Amazon Kinesis Streams Key Concepts
As you get started with Amazon Kinesis Streams, you'll benefit from understanding its architecture and terminology.
Streams High-level Architecture
The following diagram illustrates the high-level architecture of Streams. The producers continually push data to Streams and the consumers process the data in real time. Consumers can store their results using an AWS service such as Amazon DynamoDB, Amazon Redshift, or Amazon S3.
Amazon Kinesis Streams
An Amazon Kinesis stream is an ordered sequence of data records. Each record in the stream has a sequence number that is assigned by Streams. The data records in the stream are distributed into shards.
A data record is the unit of data stored in an Amazon Kinesis stream. Data records are composed of a sequence number, partition key, and data blob, which is an immutable sequence of bytes.
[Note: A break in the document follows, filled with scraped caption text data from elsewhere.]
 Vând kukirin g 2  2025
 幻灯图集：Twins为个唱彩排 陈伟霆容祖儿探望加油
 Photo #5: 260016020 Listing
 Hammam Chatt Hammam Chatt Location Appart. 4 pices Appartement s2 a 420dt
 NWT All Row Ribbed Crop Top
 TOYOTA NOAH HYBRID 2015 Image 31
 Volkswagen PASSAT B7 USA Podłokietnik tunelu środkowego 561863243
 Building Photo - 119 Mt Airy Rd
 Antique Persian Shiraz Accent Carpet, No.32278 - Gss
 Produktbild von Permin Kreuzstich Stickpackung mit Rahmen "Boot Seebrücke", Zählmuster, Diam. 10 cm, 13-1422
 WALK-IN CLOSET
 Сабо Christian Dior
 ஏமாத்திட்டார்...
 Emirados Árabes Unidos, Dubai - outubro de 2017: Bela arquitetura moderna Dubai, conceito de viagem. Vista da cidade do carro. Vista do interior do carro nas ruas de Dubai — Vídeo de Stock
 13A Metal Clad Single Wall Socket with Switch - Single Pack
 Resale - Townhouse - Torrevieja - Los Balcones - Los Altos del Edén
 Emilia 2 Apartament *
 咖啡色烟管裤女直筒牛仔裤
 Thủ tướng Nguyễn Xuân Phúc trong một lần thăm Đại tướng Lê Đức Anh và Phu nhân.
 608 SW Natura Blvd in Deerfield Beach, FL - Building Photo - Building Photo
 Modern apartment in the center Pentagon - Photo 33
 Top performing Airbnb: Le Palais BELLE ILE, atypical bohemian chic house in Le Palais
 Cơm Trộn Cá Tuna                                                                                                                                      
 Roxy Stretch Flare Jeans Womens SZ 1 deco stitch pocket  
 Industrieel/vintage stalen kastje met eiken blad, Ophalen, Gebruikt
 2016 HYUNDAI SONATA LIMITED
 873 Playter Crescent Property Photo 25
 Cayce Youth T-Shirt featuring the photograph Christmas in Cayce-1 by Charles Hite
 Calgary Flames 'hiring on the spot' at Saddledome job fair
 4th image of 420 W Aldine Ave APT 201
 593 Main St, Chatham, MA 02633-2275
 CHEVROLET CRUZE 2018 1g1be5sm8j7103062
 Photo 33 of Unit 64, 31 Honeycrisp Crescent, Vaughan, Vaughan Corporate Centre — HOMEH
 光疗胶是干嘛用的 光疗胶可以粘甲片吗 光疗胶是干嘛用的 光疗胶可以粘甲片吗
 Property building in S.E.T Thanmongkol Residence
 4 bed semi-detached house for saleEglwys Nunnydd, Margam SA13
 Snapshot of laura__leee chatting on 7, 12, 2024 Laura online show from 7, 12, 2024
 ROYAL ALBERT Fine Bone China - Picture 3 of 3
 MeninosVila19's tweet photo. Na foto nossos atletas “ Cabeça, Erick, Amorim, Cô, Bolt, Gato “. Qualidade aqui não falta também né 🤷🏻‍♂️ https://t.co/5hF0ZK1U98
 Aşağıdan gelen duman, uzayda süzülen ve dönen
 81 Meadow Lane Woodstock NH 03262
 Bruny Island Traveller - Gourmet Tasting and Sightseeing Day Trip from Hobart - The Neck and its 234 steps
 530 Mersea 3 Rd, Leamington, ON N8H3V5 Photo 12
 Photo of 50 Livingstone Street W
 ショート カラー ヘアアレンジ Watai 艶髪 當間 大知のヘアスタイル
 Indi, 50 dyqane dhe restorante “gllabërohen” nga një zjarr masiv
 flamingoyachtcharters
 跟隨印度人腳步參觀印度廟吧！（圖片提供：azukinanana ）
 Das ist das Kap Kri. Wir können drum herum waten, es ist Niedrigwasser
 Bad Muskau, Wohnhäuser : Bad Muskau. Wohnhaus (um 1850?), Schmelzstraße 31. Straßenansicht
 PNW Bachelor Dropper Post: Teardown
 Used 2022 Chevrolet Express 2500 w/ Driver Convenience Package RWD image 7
Streams does not inspect, interpret, or change the data in the blob in any way. A data blob can be up to 1 MB.
The length of time data records are accessible after they are added to the stream. A stream’s retention period is set to a default of 24 hours after creation. You can increase the retention period up to 168 hours (7 days) using the IncreaseStreamRetentionPeriod operation, and decrease the retention period down to a minimum of 24 hours using the DecreaseStreamRetentionPeriod operation. Additional charges apply for streams with a retention period set above 24 hours. For more information, see Amazon Kinesis Streams Pricing.
Producers put records into Amazon Kinesis Streams. For example, a web server sending log data to a stream is a producer.
Consumers get records from Amazon Kinesis Streams and process them. These consumers are known as Amazon Kinesis Streams Applications.
Amazon Kinesis Streams Applications
An Amazon Kinesis Streams application is a consumer of a stream that commonly runs on a fleet of EC2 instances.
You can develop an Amazon Kinesis Streams application using the Amazon Kinesis Client Library or using the Streams API.
The output of an Amazon Kinesis Streams application may be input for another stream, enabling you to create complex topologies that process data in real time. An application can also send data to a variety of other AWS services. There can be multiple applications for one stream, and each application can consume data from the stream independently and concurrently.
A shard is a uniquely identified group of data records in a stream. A stream is composed of one or more shards, each of which provides a fixed unit of capacity. Each shard can support up to 5 transactions per second for reads, up to a maximum total data read rate of 2 MB per second and up to 1,000 records per second for writes, up to a maximum total data write rate of 1 MB per second (including partition keys). The data capacity of your stream is a function of the number of shards that you specify for the stream. The total capacity of the stream is the sum of the capacities of its shards.
If your data rate increases, then you just add more shards to increase the size of your stream. Similarly, you can remove shards if the data rate decreases.
A partition key is used to group data by shard within a stream. The Streams service segregates the data records belonging to a stream into multiple shards, using the partition key associated with each data record to determine which shard a given data record belongs to. Partition keys are Unicode strings with a maximum length limit of 256 bytes. An MD5 hash function is used to map partition keys to 128-bit integer values and to map associated data records to shards. A partition key is specified by the applications putting the data into a stream.
Each data record has a unique sequence number. The sequence number is assigned
by Streams after you write to the stream with
client.putRecord. Sequence numbers for the same partition key
generally increase over time; the longer the time period between write requests,
the larger the sequence numbers become.
Sequence numbers cannot be used as indexes to sets of data within the same stream. To logically separate sets of data, use partition keys or create a separate stream for each data set.
Amazon Kinesis Client Library
The Amazon Kinesis Client Library is compiled into your application to enable fault-tolerant consumption of data from the stream. The Amazon Kinesis Client Library ensures that for every shard there is a record processor running and processing that shard. The library also simplifies reading data from the stream. The Amazon Kinesis Client Library uses an Amazon DynamoDB table to store control data. It creates one table per application that is processing data.
The name of an Amazon Kinesis Streams application identifies the application. Each of your applications must have a unique name that is scoped to the AWS account and region used by the application. This name is used as a name for the control table in Amazon DynamoDB and the namespace for Amazon CloudWatch metrics.